(Beginning of RECORDS FOR THIS TASK)

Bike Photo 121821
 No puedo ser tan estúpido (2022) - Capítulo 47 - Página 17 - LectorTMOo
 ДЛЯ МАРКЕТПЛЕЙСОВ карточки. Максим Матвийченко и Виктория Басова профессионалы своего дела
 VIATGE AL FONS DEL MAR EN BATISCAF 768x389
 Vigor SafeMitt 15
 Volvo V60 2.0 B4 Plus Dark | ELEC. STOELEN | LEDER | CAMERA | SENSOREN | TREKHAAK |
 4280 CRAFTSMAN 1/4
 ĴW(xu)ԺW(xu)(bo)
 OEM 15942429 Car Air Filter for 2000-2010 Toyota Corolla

(End of RECORDS FOR THIS TASK)

■ **EXERCISE DETAILS**: The response has to contain every record shown above, unaltered and complete.

■ **ANSWER BOX**:
Bike Photo 121821
 No puedo ser tan estúpido (2022) - Capítulo 47 - Página 17 - LectorTMOo
 ДЛЯ МАРКЕТПЛЕЙСОВ карточки. Максим Матвийченко и Виктория Басова профессионалы своего дела
 VIATGE AL FONS DEL MAR EN BATISCAF 768x389
 Vigor SafeMitt 15
 Volvo V60 2.0 B4 Plus Dark | ELEC. STOELEN | LEDER | CAMERA | SENSOREN | TREKHAAK |
 4280 CRAFTSMAN 1/4
 ĴW(xu)ԺW(xu)(bo)
 OEM 15942429 Car Air Filter for 2000-2010 Toyota Corolla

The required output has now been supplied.